Militer – Di luar Eropa
Ada dua tantangan; militer dan relijius. Keduanya menjelaskan berawal dan berlarut-larutnya semangat permusuhan Eropa terhadap kaum Muslim. Bukan saja karena kaum Muslim menaklukkan banyak kekaisaran Kristen sebelum 1700 sekaligus mengancam apa saja yang bersikeras menentang kekuasaan mereka. Tetapi juga karena mereka menghadirkan sebuah tantangan relijius yang tunggal. Perpaduan dari kedua tantangan ini memberikan peran yang unik kepada mereka.
Apa yang disebut sebagai "garis depan perang tertua di dunia" [3] dibuka dengan kemenangan militer kaum Muslim atas kaum Kristen. Dua tahun setelah Nabi Muhammad wafat pada 632, kaum Muslim mulai menyerang wilayah Bizantium di sebelah utara Arab. Hanya delapan puluh dua tahun kemudian, mereka sudah menaklukkan tanah yang membentang dari Pegunungan Pyrenea hingga Asia Tengah. Kaum Kristen dengan demikian menjadi mayoritas penduduk di banyak wilayah yang berada di bawah kendali Muslim. Termasuk kawasan Suriah, Mesir, Nubia, Afrika Utara, dan Spanyol. Demikian pula yang terjadi pada banyak kaum Kristen yang berdiam di Irak dan Iran. Nyatanya, dalam waktu kurang dari seabad, hampir seluruh Kekaisaran Kristen di luar Eropa dan Anatolia mendadak tergabung dalam apa yang oleh kaum Muslim disebut Dar al-Islam (wilayah yang dikuasai para penguasa Muslim).

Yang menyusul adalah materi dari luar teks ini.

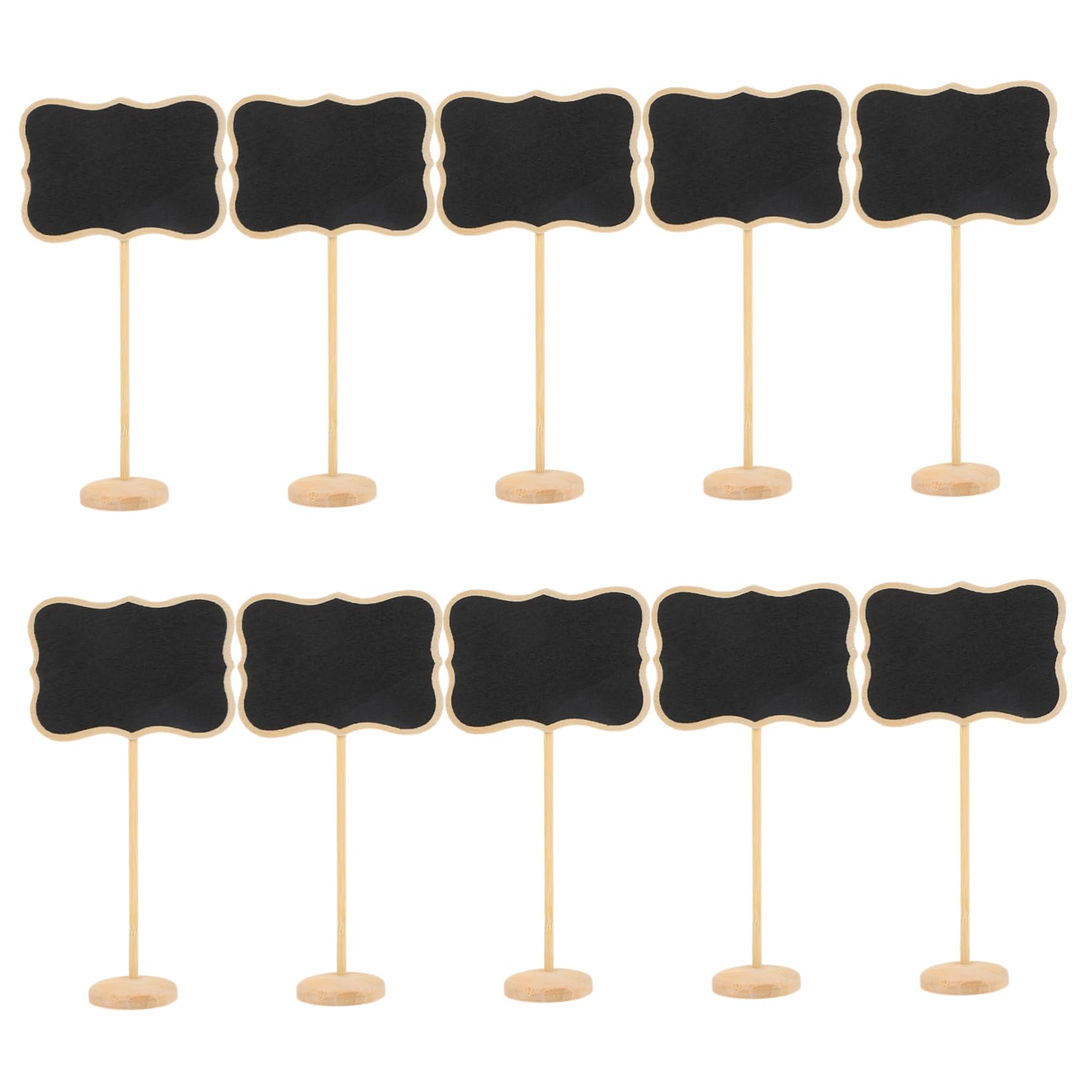 HOODANCOS 10pcs Mini Blackboard Signs Stands Message Board for Plant Markers Weddings Parties Home Decor and Craft Projects Chalkboard Labels for Messages and Price Tags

Selama masa pramodern, Kristen menjadi populasi terbesar yang jatuh ke tangan kekuasaan Muslim. Termasuk di Suriah, Mesir, Nubia, Afrika Utara dan Spanyol serta penduduk yang berdiam di Irak dan Iran. Di Eropa, setelah 995, kaum Muslim semakin gencar melakukan berbagai serangan hingga tahun 1700. |
Beberapa kawasan di luar Eropa yang lolos dari pembantaian awal Bangsa Arab akhirnya jatuh juga dalam penaklukan Muslim. Tetapi, ada satu pengecualian. Konstantinopel, Ibukota Kekaisaran Bizantium sekaligus pintu gerbang menuju Eropa bersikeras bertahan terhadap serangan Muslim selama delapan abad. Serangannya berawal dengan satu ekspedisi angkatan laut Muslim pada 654. Kota itu akhirnya jatuh di tangan Kekaisaran Utsmaniyah Turki pada 29 Mei 1453. Itulah salah satu tanggal paling kelam sekaligus paling menggetarkan dalam sejarah Kristen. Kekaisaran Bizantium berhasil berdiri kokoh di Anatolia selama empat abad, sejak 653- 1071, tetapi Turki menyerbu tanah-tanahnya dan akhirnya menghapus Kerajaan Yunani terakhir itu pada 1461. Armenia jatuh ke tangan kekuasaan Muslim pada 666 dan tetap ditaklukkannya pada masa-masa selanjutnya. Kecuali selama satu masa panjang. Selama tahun 885 – 1375. Demikian pula, Georgia. Negeri itu jatuh di bawah kendali Muslim pada 654. Meski demikian, dia pernah menikmati kebangkitan kembali pada abad pertengahan, dan jatuh kembali di bawah Pemerintahan Muslim pada abad keenam belas. Banyak umat Kristen Maronit yang berdiam di berbagai dataran Suriah melarikan diri dari kekuasaan Muslim dengan pergi ke pegunungan Libanon. Di sana mereka mempertahankan kemerdekaan melewati sebagian besar era Islam tetapi akhirnya jatuh ke tangan Kekaisaran Utsmaniyah. Kerajaan Dongola di Sudan baru berakhir sekitar 1350 dan kerajaan tetangganya, kerajaan Alwa bertahan sampai 1504.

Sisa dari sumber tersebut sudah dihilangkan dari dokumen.